Compute $\displaystyle \int_{-1}^1\frac{x^2}{1+e^x}\,dx$
I can't get it!
Look at the u = -x case:
$\displaystyle \int_1^{-1}\frac{(-u)^2}{1+e^{-u}}\,(-du)$
$\displaystyle = \int_{-1}^1 \frac{u^2}{1 + e^{-u}} \, du = \int_{-1}^1 \frac{x^2}{1 + e^{-x}} \, dx$
Now add the two integrals. (Hint: Do an integration by parts on the second integral and see what you get.)
-Dan
ok, i'm not getting anywhere with this:
$\displaystyle \int_{-1}^1 \frac{u^2}{1 + e^{-u}} \, du = \int_{-1}^1 \frac{x^2}{1 + e^{-x}} \, dx = -x^2 \ln \left( e^{-x} + 1 \right) + 2 \int x \ln \left( e^{-x} + 1 \right) ~dx$
i also did by parts on the last integral also, but it never seemed to be leading me anywhere. and even if i could get a nice result, i'm not exactly sure how you expect me to combine the two integrals when they have different variables.
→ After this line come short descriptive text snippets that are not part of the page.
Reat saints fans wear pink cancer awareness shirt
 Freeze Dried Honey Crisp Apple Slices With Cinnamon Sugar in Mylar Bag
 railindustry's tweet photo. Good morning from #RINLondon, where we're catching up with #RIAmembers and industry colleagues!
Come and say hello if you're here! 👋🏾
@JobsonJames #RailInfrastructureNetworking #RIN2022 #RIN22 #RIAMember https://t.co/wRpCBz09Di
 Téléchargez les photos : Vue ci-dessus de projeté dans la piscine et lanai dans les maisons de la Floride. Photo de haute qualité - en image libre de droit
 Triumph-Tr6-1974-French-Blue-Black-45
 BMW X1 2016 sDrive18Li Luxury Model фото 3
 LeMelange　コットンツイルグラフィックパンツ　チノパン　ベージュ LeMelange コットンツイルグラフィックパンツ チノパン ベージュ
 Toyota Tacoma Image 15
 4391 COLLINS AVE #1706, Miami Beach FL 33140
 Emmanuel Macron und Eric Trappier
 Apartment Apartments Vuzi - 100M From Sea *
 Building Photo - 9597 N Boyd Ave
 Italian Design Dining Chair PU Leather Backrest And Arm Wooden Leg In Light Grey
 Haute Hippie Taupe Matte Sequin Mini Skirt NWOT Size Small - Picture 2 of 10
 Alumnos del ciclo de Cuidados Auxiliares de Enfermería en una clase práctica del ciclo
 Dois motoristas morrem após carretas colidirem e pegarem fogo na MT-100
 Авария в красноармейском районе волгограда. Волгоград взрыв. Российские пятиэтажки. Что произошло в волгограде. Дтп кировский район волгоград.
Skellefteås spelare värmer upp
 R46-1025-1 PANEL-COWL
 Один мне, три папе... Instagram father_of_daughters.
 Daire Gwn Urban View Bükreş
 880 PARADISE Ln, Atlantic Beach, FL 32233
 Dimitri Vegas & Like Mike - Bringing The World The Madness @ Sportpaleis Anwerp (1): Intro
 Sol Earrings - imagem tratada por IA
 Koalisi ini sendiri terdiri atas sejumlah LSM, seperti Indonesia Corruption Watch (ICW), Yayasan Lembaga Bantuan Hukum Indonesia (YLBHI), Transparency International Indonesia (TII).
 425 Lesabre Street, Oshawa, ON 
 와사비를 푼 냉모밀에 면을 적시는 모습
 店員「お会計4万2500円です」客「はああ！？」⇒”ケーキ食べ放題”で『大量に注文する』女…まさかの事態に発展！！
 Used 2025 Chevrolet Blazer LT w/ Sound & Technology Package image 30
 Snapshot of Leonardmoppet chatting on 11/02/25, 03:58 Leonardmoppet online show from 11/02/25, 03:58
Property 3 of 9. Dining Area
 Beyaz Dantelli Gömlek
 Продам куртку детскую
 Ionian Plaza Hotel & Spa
This is the key, 'cause we have the same integration limits, so we can turn back the $\displaystyle u$ into $\displaystyle x$
Now
$\displaystyle \int_{-1}^1\frac{x^2}{1+e^x}\,dx+\int_{-1}^1\frac{x^2}{1+e^{-x}}\,dx=\frac13x^3\bigg|_{-1}^{\phantom{-}1}=\frac23$
Divide by two this last result and yields the desired.
Hmmm...
I plugged the integral in on my calculator and got that
$\displaystyle \int \frac{x^2}{1 + e^{-x}}dx = \frac{1}{3}x^3 - \int \frac{x^2}{1 + e^x} dx$
At a glance it looked like an integration by parts, but I guess it isn't. (Or, rather, it still may be but I can't figure how to do it.) I'll have to work on the integral a bit, but in any event you should be able to see where to go with it from here.
Edit: Ah wait! I see where Krizalid is going with this. The integrand isn't an even function, but the two are reflections of each other over the y-axis. Since the integration limits are symmetric the two integrals must be equal to each other.
-Dan